15:53:36 | Mittwoch, 21. Juni 2006
Eine österreichische Leugnerin der Kinderabtreibung publizierte Mitte Mai im Internet einen Wutanfall und Rundumschlag besonderer Art.
(kreuz.net) Viktoria Roth heißt die Rabiate, die am Artikel
„Polizeischutz für Kinderschlächter“ heißlief.
Der Beitrag wurde nach Angaben von Frau Roth im „stürmerischen Online-Organ der Inquisitoren von Kreuz.net“
publiziert.
Homos, Juden, Moslems, Freimaurer, Feministen, Linke seien neben dem „legalen Schwangerschaftsabbruch“
und den Abtreibern die bevorzugten Zielscheiben des „katholischen Hasses“.

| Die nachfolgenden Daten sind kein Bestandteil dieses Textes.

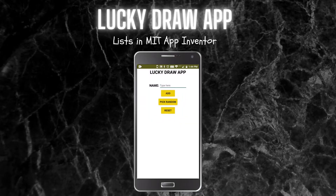Hello, I am Krishna Raghavendran and in this tutorial of MIT App Inventor we are going to see how to create a lucky draw app using MIT App Inventor. For this we are going to use lists in MIT App Inventor, so you will learn about using lists and also how to use random numbers.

Dieser arbeite hier „mit den
Mitteln der Denunziation, Verleumdung, Lügen und Beleidigungen, mittels Hetze, Rufmord und sonstigen
Mitteln“.
Die „Herrschaften“ würden sich medienrechtlich anonym und nicht greifbar wähnen.
Viktoria
Roth:
„Dem Klerus in Österreich scheint ‘kreuz.net’ zu gefallen, denn sonst wäre dieser Mist schon längst
abgedreht. Im Abstellen hat diese Kirche genügend Praxis bewiesen.“
Einmal so schön anonym, würden die
anonymen Kreuz.net-Brigaden in ihrem katholischen Jargon völlig ausflippen:
„Dem Klerus in Österreich
scheint es zu gefallen, denn sonst wäre dieser Mist schon längst abgedreht. Im Abstellen hat diese Kirche
genügend Praxis bewiesen.“
Daß dieses „rechtsrabiate Kreuz.net“ in Österreich und Deutschland arbeite,
würden die zahlreichen Artikel zeigen, die sich auf Österreich und Umgebung beziehen sowie diverse namentlich
genannte Autoren und Interviewte.
Unter den Mitarbeitern von ‘kreuz.net’ würden sich auch der „leicht
demente Pornojäger
Martin Humer von der Europäischen Bürgerwehr“, der soeben verurteilte Holocaustleugner
und Wiederbetätiger John Gudenus wie auch der Ultrakathole und Anwalt Alfons Adam, Chef von ‘Pro Vita
Österreich’ befinden.
Der österreichische Abgeordnete Vincenz Liechtenstein – Gründungs- und Vorstandsmitglied
von ‘Pro Vita’ – sei auch auf ‘kreuz.net’ gefeatured.
Der Habsburger Kaiserenkel und Opus Dei’ler Liechtenstein
sei einer der „ungustiösesten Anti-Abtreibungs-Aktivisten in Österreich“. Für ihn seien „Abtreibungskliniken
Todeskliniken wie Konzentrationslager“.
Unlängst erst habe Liechtenstein versucht, die Opus-Dei-Frau
Gudrun Kugler-Lang – einst Vorsitzende von ‘Jugend für das Leben’ – in den Wiener Gemeinderat zu bringen.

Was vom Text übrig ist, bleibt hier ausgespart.